Providing power for nanodevices is one of the technical challenges to the nanotechnology industry. mPhase Technologies Inc. is trying to create sophisticated nano-batteries out of silicon filaments and water droplets. mPhase, working in partnership with Bell Labs, has demonstrated a concept nanobattery that is only a few hundred microns high.
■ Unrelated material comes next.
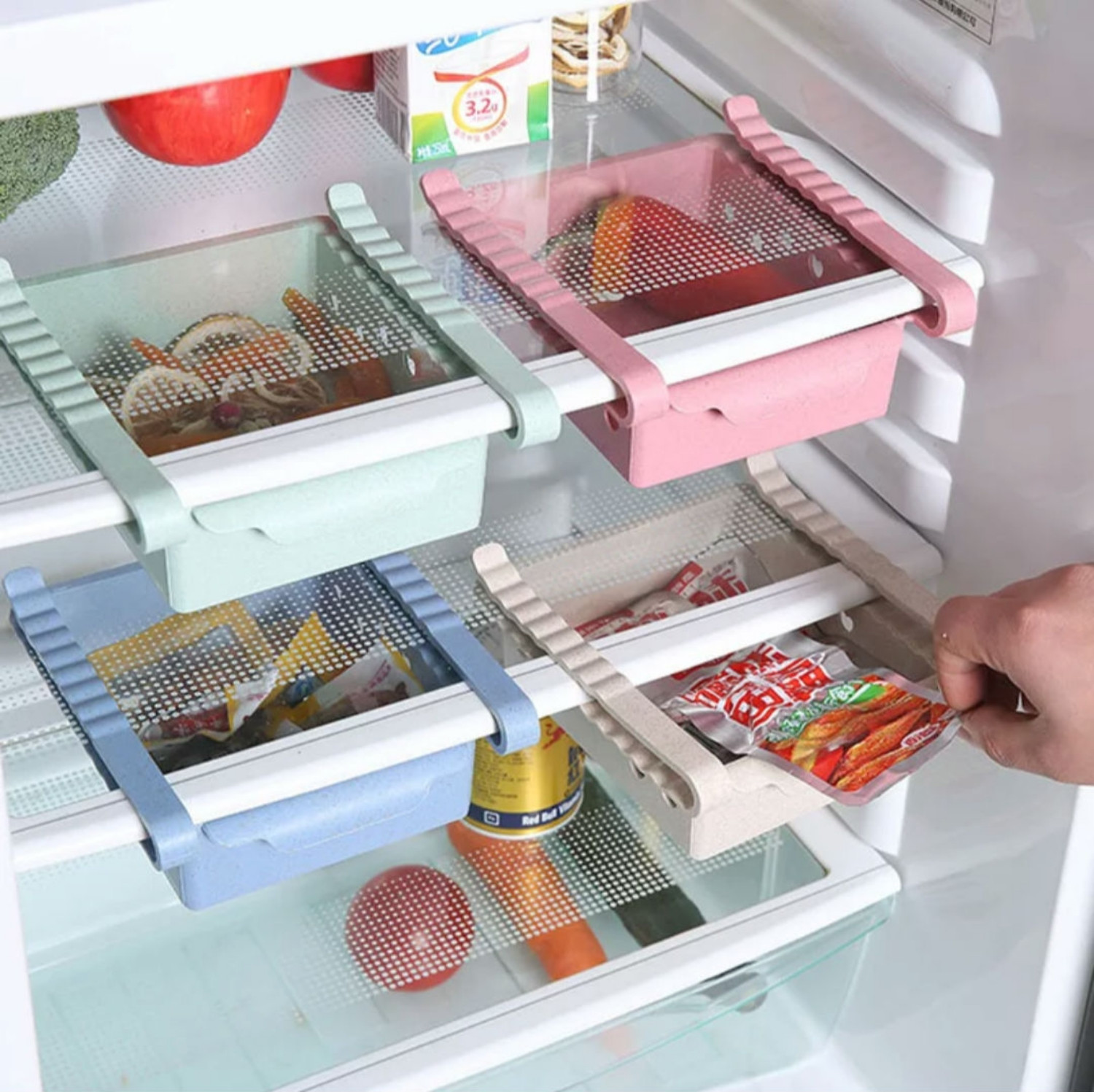 Support de rangement coulissant en ABS, organisateur réglable pour réfrigérateur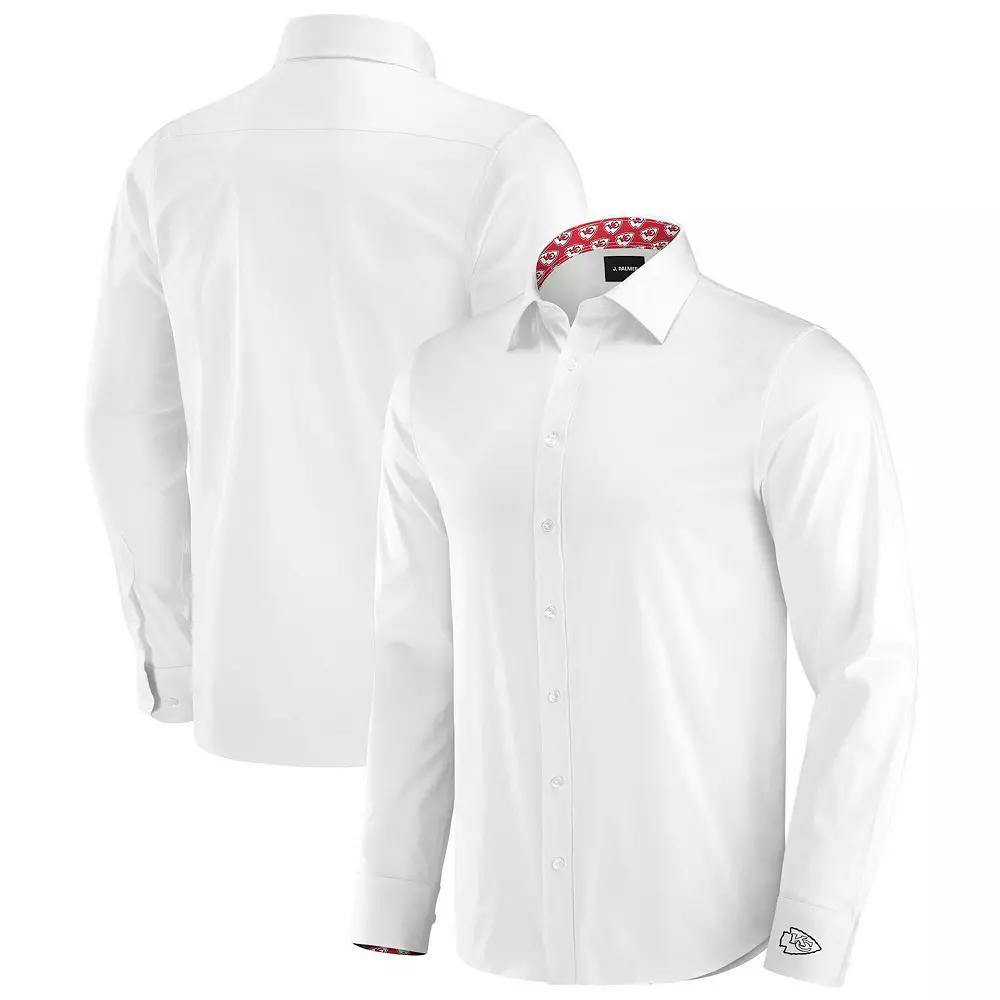 Men's J. Palmer White New York Jets Man-In-Motion Long Sleeve Button-Up Dress Shirt, Size: Small Product Image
In more ways than one, it's a delicate balancing act that mPhase Technologies Inc. wants to execute. First is the company's technology: making a nanobattery by placing droplets of water on filaments of silicon. Working in partnership with Bell Labs, mPhase has demonstrated a proof-of-concept nanobattery crammed with filaments of silicon "nanograss" only a few hundred microns high and is working on a prototype that can illuminate a light-emitting diode. On Dec. 16, it reported that the military, oil industry and homeland defense expressed interest in using its nanobatteries to power sensors. "The idea was to take stuff in the lab that was going nowhere from a commercial point of view, and focus it on a particular technology," Simon said. Using standard lithography techniques, researchers carve silicon filaments several hundred microns high and 300 nanometers in diameter. The filaments are coated with water-repellent materials, so that droplets of liquid balance atop the nanograss but never touch them. A jolt of heat or electricity then bursts the droplets; they spill onto the nanograss, the ions generate power, and the filaments carry the electricity to whatever device is attached. Forging the correct nanostructures is one part of the process, "but the other part is getting the surface property correct," said Tom Krupenkin, a Bell Labs researcher working on the battery. At such small scale, mPhase's batteries have several advantages, Simon said. Because the electrolyte is so close to the electrode (the silicon), they generate power faster than normal batteries; yet because the two surfaces never touch until activation, they should never corrode. Dale Teeters, a University of Tulsa chemistry professor who studies nanobatteries, said a primary goal is to export the increased efficiency of nanobatteries to regular batteries, usually by building ever-smaller components.